- Task to complete: Each line from the one that holds "phương pháp nâng mũi tốt nhất hiện nay" to the end of the entries is to be given again exactly. Do not include pictures.

Items from a data source

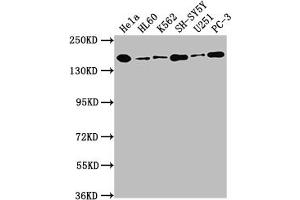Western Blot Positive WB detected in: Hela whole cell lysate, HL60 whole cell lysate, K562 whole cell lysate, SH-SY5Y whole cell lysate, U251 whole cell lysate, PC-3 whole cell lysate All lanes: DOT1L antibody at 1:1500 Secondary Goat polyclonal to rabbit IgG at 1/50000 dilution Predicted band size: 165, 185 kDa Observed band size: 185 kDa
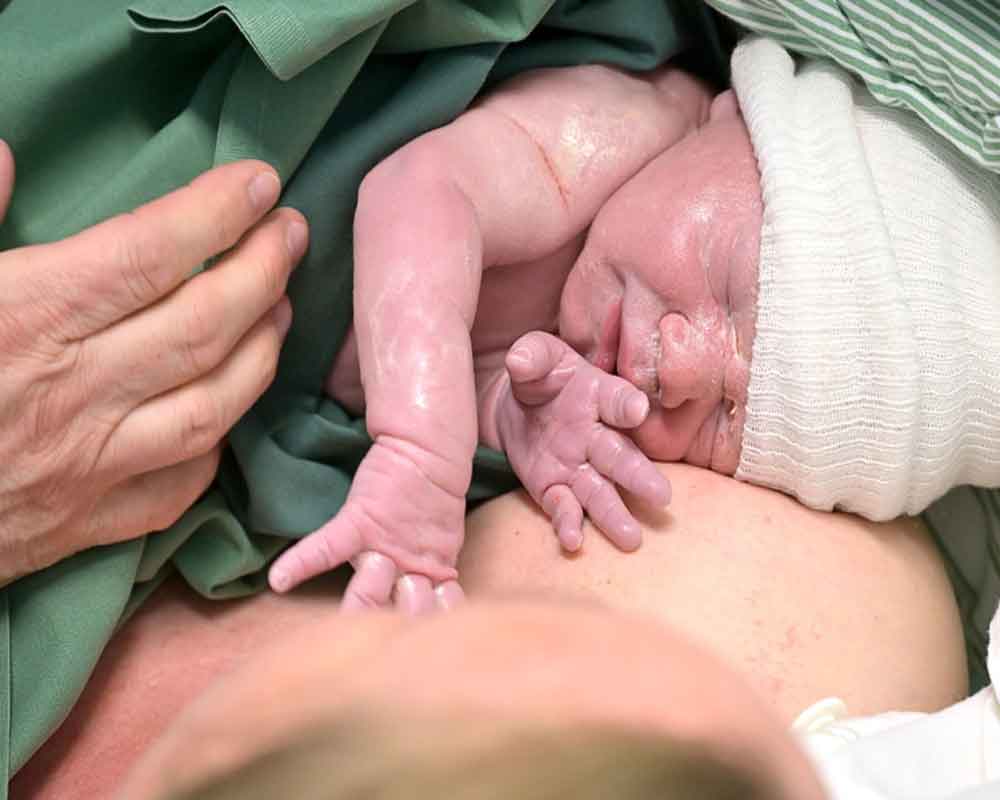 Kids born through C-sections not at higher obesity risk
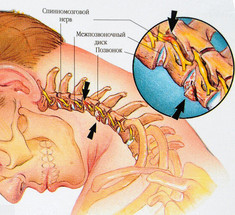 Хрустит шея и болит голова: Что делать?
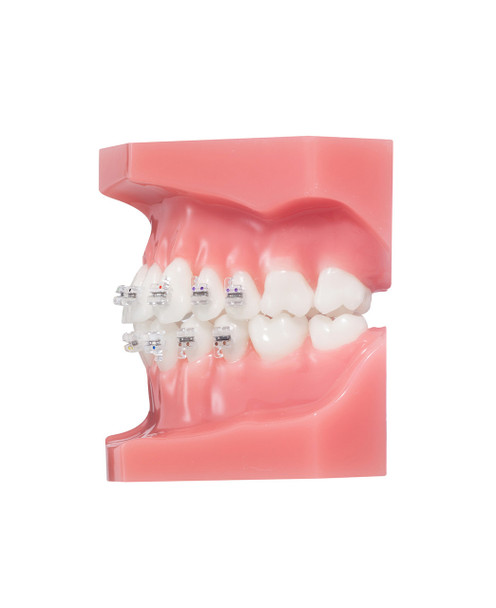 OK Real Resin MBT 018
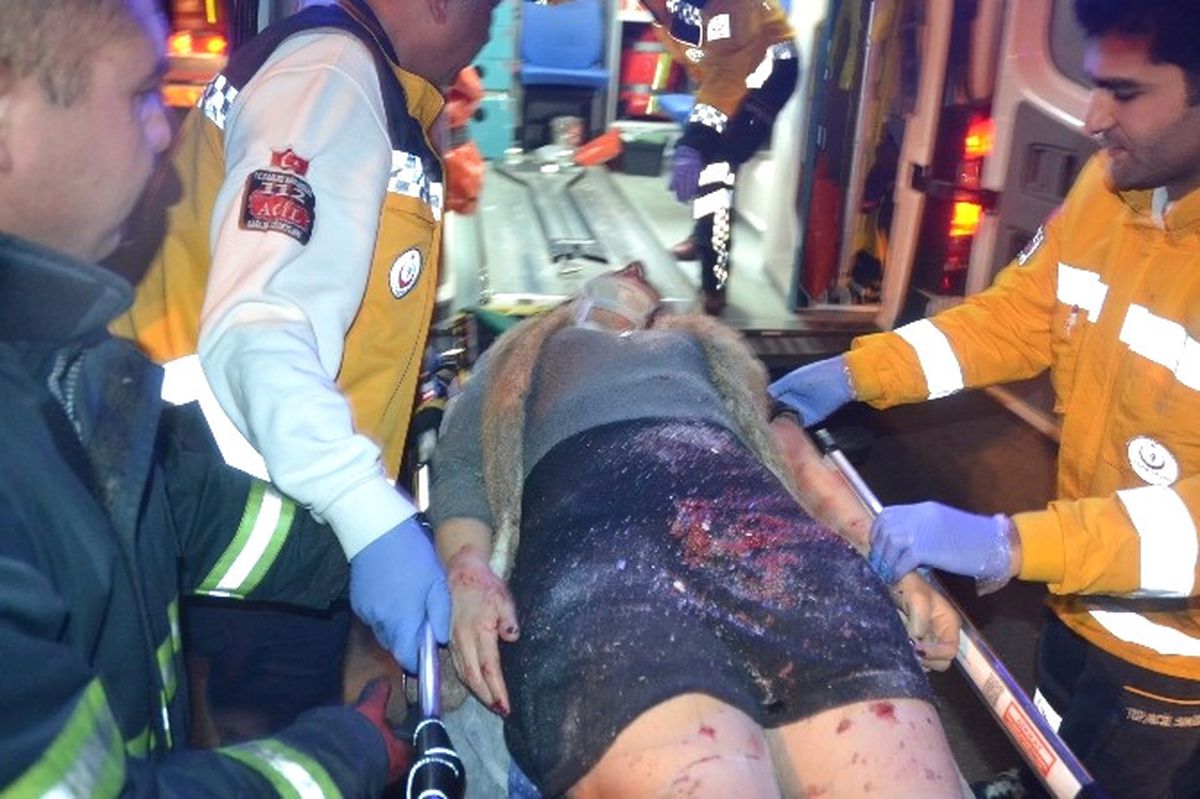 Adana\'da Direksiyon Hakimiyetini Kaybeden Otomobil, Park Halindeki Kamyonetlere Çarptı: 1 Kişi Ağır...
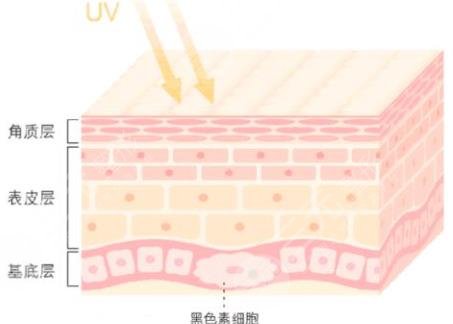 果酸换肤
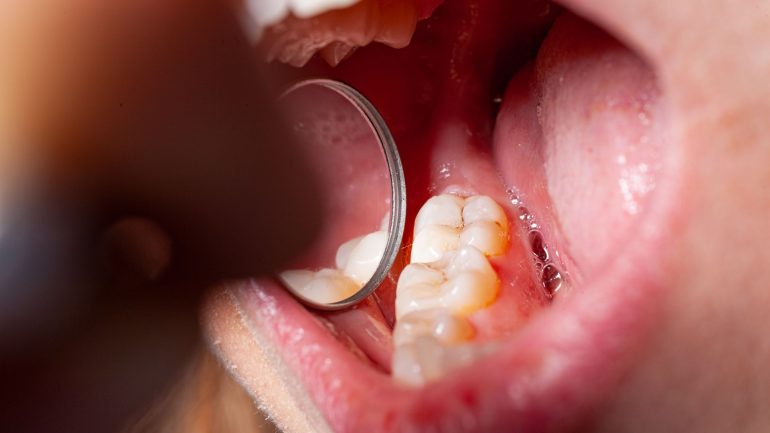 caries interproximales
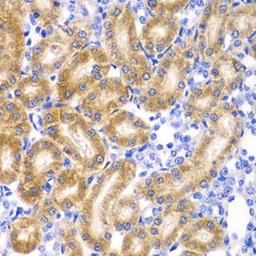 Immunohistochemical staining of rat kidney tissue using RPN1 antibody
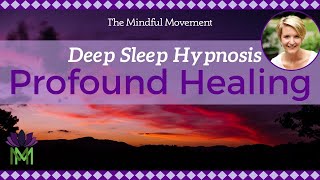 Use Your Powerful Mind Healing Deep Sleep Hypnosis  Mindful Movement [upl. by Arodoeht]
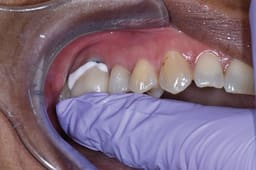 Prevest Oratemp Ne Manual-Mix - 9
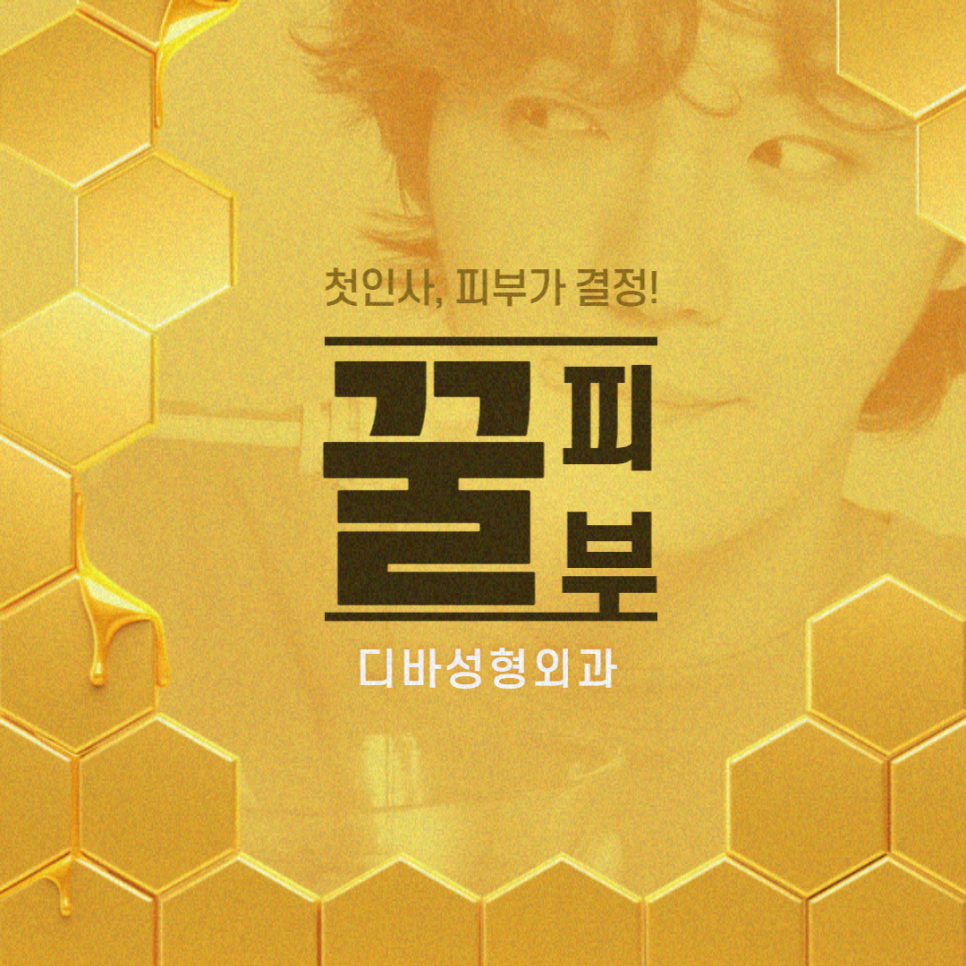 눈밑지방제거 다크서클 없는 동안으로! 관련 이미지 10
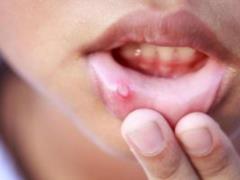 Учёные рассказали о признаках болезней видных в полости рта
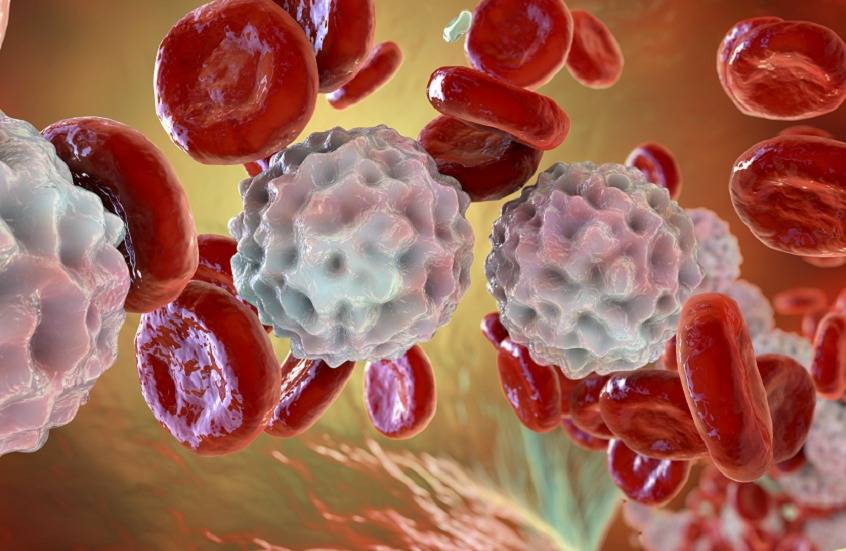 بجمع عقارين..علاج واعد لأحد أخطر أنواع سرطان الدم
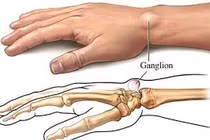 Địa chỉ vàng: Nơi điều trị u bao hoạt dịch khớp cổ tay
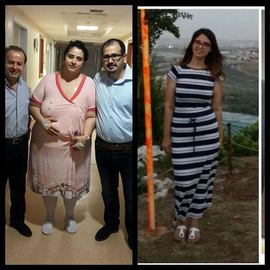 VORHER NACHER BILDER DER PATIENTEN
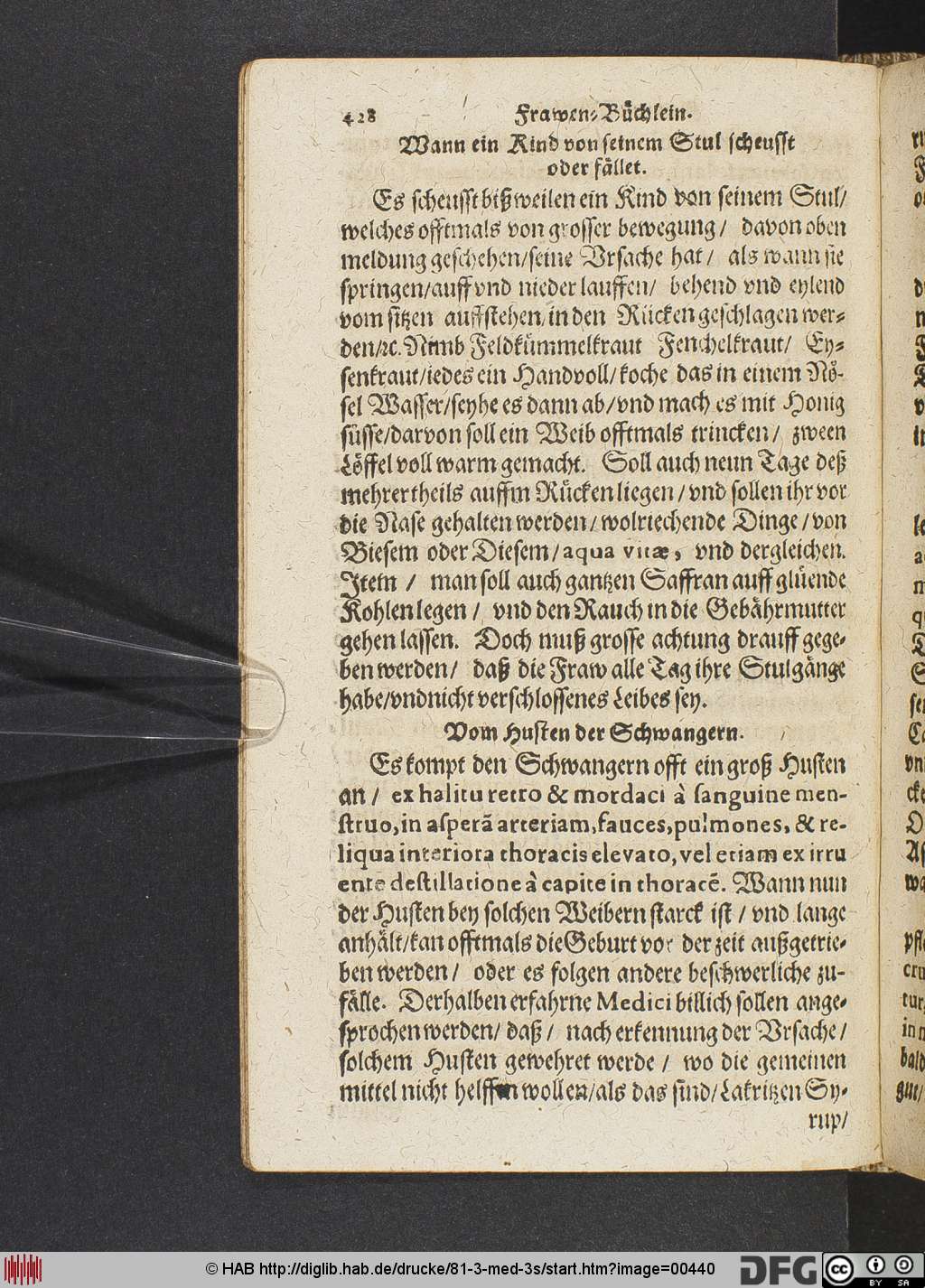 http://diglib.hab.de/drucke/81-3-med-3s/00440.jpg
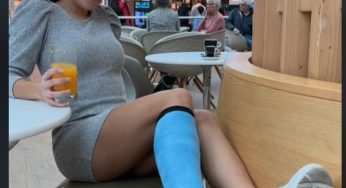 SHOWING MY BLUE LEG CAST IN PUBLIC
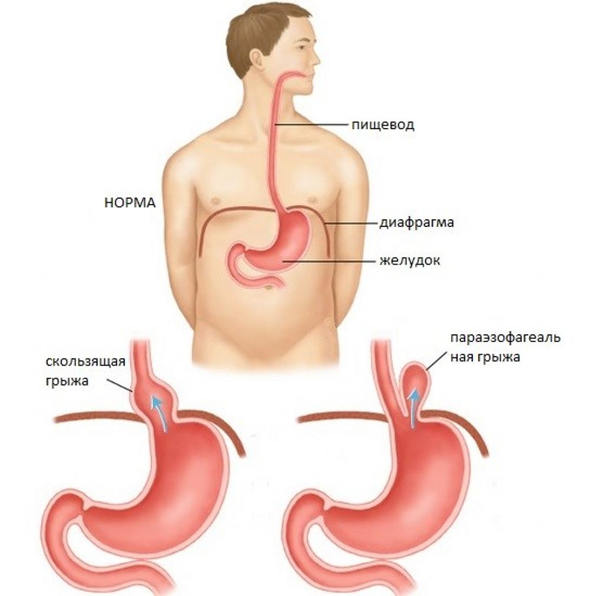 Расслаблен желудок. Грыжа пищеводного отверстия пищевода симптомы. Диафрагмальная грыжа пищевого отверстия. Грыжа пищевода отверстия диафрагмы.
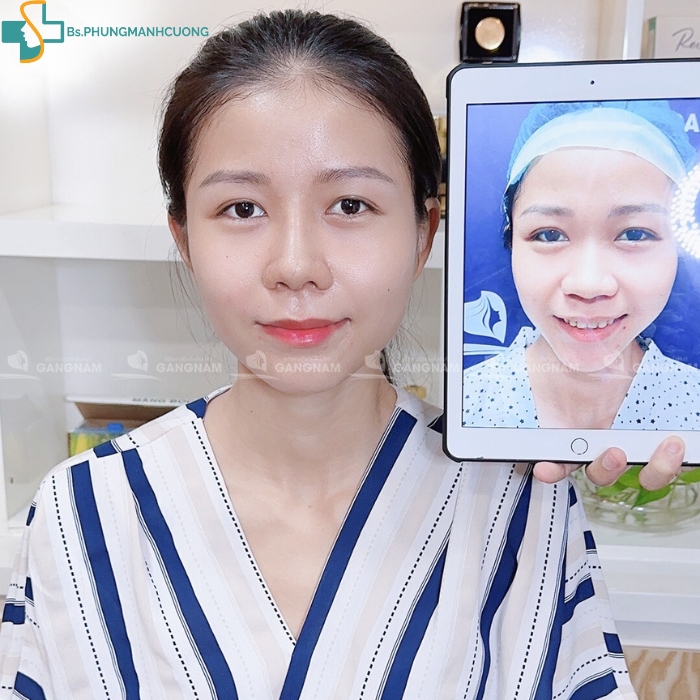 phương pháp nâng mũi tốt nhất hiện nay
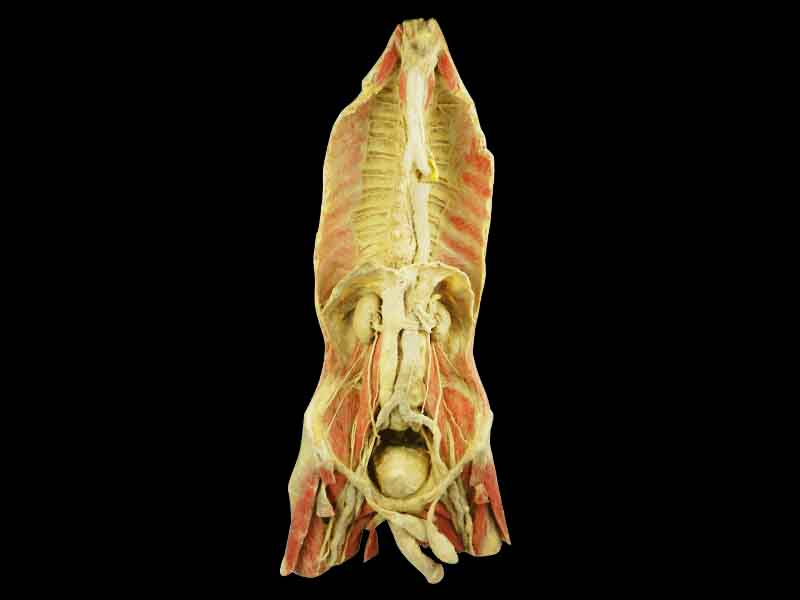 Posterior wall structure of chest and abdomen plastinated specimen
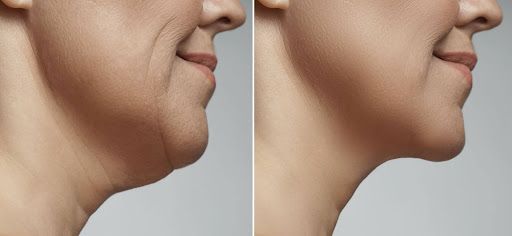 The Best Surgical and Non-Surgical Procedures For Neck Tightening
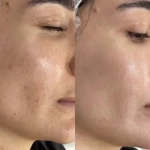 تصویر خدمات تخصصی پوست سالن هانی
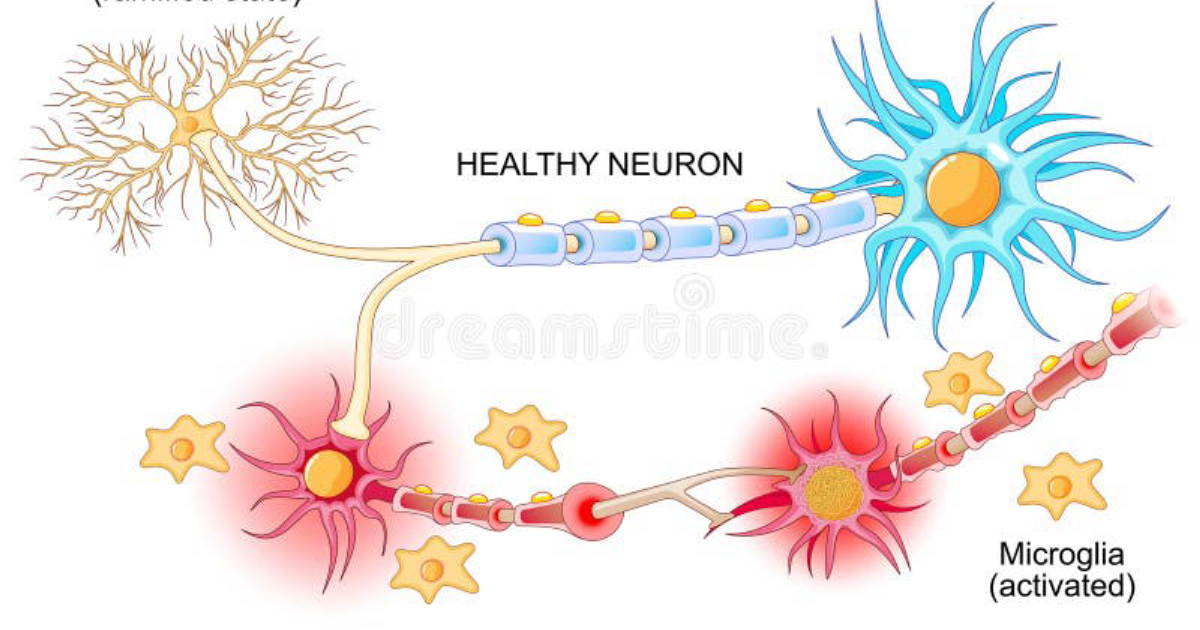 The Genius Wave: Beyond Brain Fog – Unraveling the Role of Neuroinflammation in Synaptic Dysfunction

- Completed exercise:
 phương pháp nâng mũi tốt nhất hiện nay
 Posterior wall structure of chest and abdomen plastinated specimen
 The Best Surgical and Non-Surgical Procedures For Neck Tightening
 تصویر خدمات تخصصی پوست سالن هانی
 The Genius Wave: Beyond Brain Fog – Unraveling the Role of Neuroinflammation in Synaptic Dysfunction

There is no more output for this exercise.